(Study material begins)

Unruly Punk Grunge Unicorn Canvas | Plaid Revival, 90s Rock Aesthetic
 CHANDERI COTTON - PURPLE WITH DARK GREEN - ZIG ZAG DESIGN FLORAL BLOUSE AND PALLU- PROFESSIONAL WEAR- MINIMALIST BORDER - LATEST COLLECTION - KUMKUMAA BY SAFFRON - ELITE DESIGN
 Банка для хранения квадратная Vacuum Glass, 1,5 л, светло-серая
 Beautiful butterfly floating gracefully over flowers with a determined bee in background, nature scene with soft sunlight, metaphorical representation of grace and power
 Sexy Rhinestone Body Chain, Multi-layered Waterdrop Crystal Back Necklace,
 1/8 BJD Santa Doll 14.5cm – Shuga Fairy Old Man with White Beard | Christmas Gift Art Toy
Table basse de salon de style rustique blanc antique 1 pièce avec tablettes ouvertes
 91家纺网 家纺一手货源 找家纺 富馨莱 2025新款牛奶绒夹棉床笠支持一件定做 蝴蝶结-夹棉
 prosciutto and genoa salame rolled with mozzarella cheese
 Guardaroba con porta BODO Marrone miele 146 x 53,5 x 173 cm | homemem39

(Study material ends)

Print the data in full, with each line exactly as given.

Reply to the exercise:
Unruly Punk Grunge Unicorn Canvas | Plaid Revival, 90s Rock Aesthetic
 CHANDERI COTTON - PURPLE WITH DARK GREEN - ZIG ZAG DESIGN FLORAL BLOUSE AND PALLU- PROFESSIONAL WEAR- MINIMALIST BORDER - LATEST COLLECTION - KUMKUMAA BY SAFFRON - ELITE DESIGN
 Банка для хранения квадратная Vacuum Glass, 1,5 л, светло-серая
 Beautiful butterfly floating gracefully over flowers with a determined bee in background, nature scene with soft sunlight, metaphorical representation of grace and power
 Sexy Rhinestone Body Chain, Multi-layered Waterdrop Crystal Back Necklace,
 1/8 BJD Santa Doll 14.5cm – Shuga Fairy Old Man with White Beard | Christmas Gift Art Toy
Table basse de salon de style rustique blanc antique 1 pièce avec tablettes ouvertes
 91家纺网 家纺一手货源 找家纺 富馨莱 2025新款牛奶绒夹棉床笠支持一件定做 蝴蝶结-夹棉
 prosciutto and genoa salame rolled with mozzarella cheese
 Guardaroba con porta BODO Marrone miele 146 x 53,5 x 173 cm | homemem39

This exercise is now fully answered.